#### Brief
Below are the records; give again exactly the lines from the one containing "Key West, FL" through the one containing "FREE'S MART（フリ", leaving out pictures.

#### Data for analysis
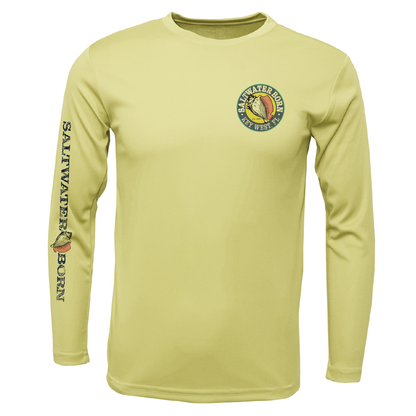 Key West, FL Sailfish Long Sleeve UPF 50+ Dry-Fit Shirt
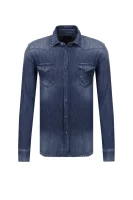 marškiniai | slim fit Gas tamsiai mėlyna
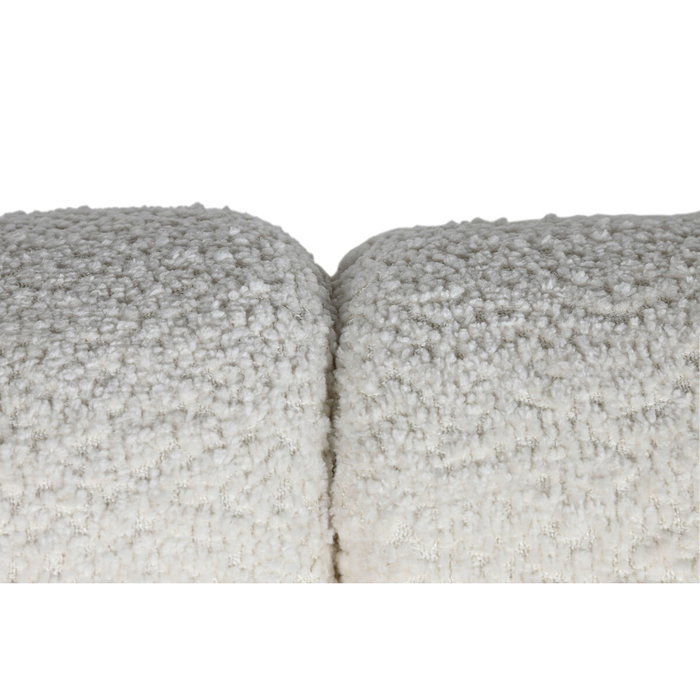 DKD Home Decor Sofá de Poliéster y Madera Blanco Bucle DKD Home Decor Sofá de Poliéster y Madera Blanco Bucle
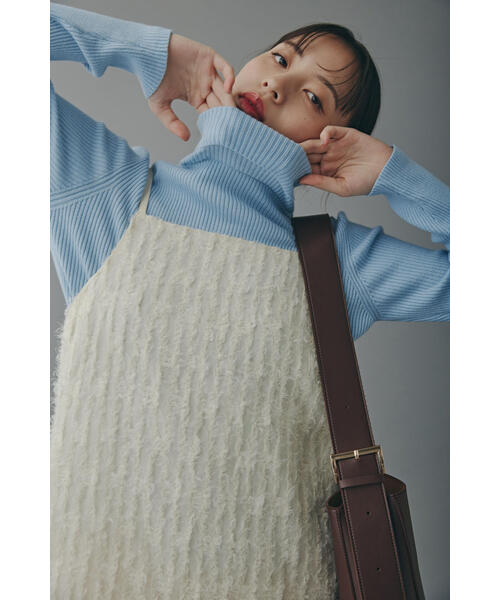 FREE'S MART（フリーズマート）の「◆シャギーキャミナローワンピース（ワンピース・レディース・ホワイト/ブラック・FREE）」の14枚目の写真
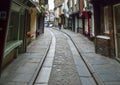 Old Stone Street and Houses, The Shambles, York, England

...

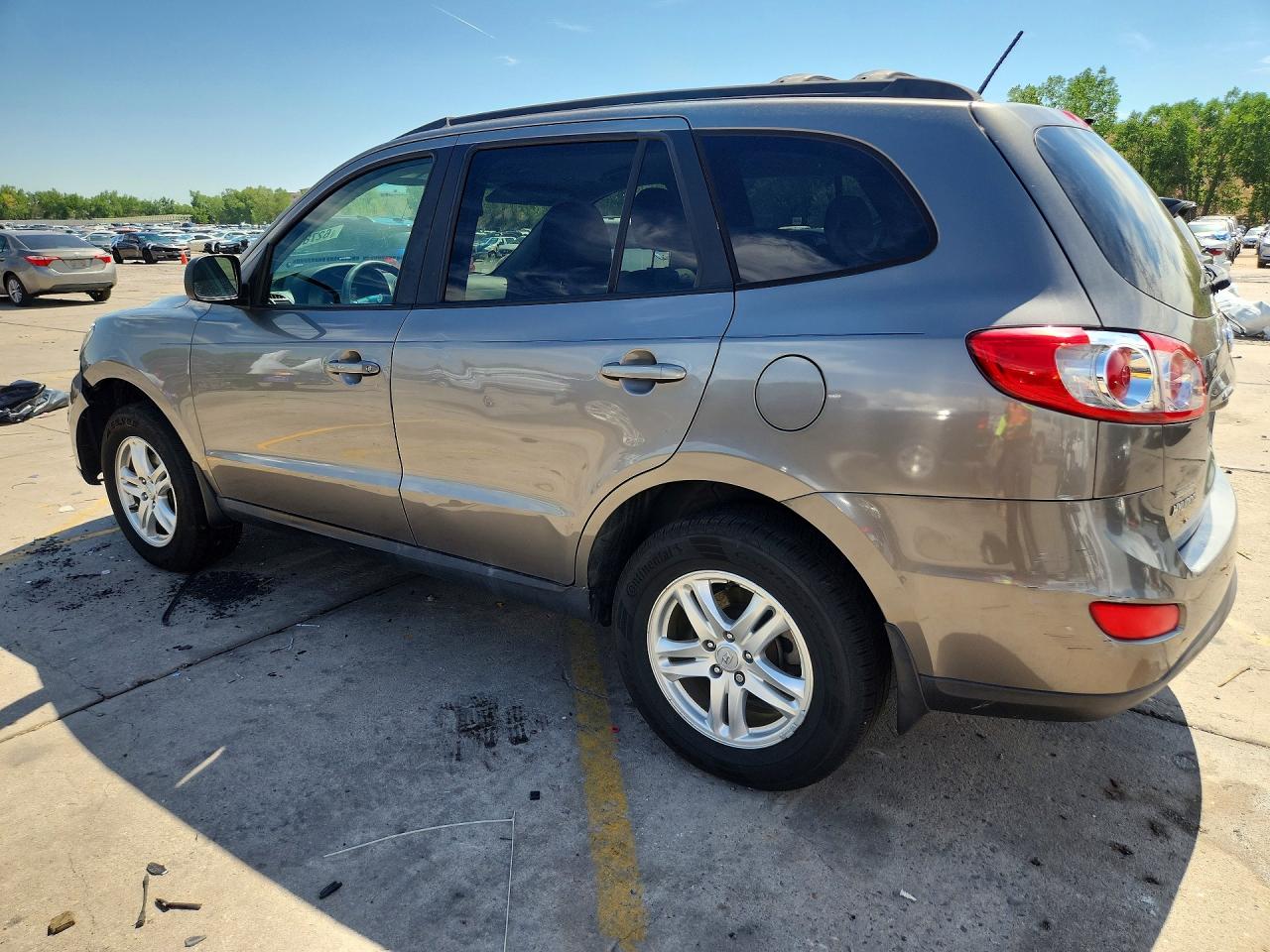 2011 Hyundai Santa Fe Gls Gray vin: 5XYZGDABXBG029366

...

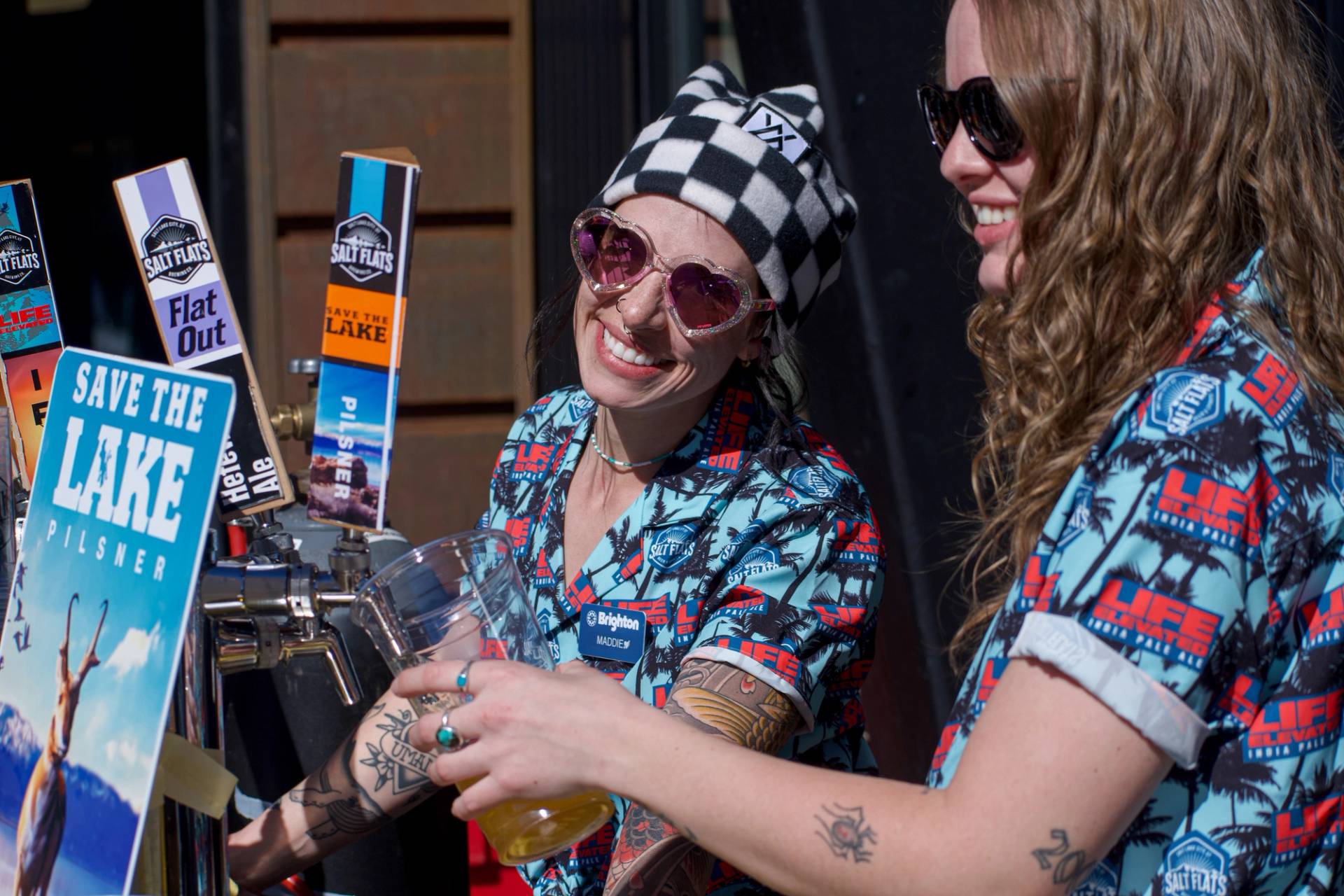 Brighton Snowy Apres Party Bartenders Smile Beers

#### Completed exercise
 Key West, FL Sailfish Long Sleeve UPF 50+ Dry-Fit Shirt
 marškiniai | slim fit Gas tamsiai mėlyna
 DKD Home Decor Sofá de Poliéster y Madera Blanco Bucle DKD Home Decor Sofá de Poliéster y Madera Blanco Bucle
 FREE'S MART（フリーズマート）の「◆シャギーキャミナローワンピース（ワンピース・レディース・ホワイト/ブラック・FREE）」の14枚目の写真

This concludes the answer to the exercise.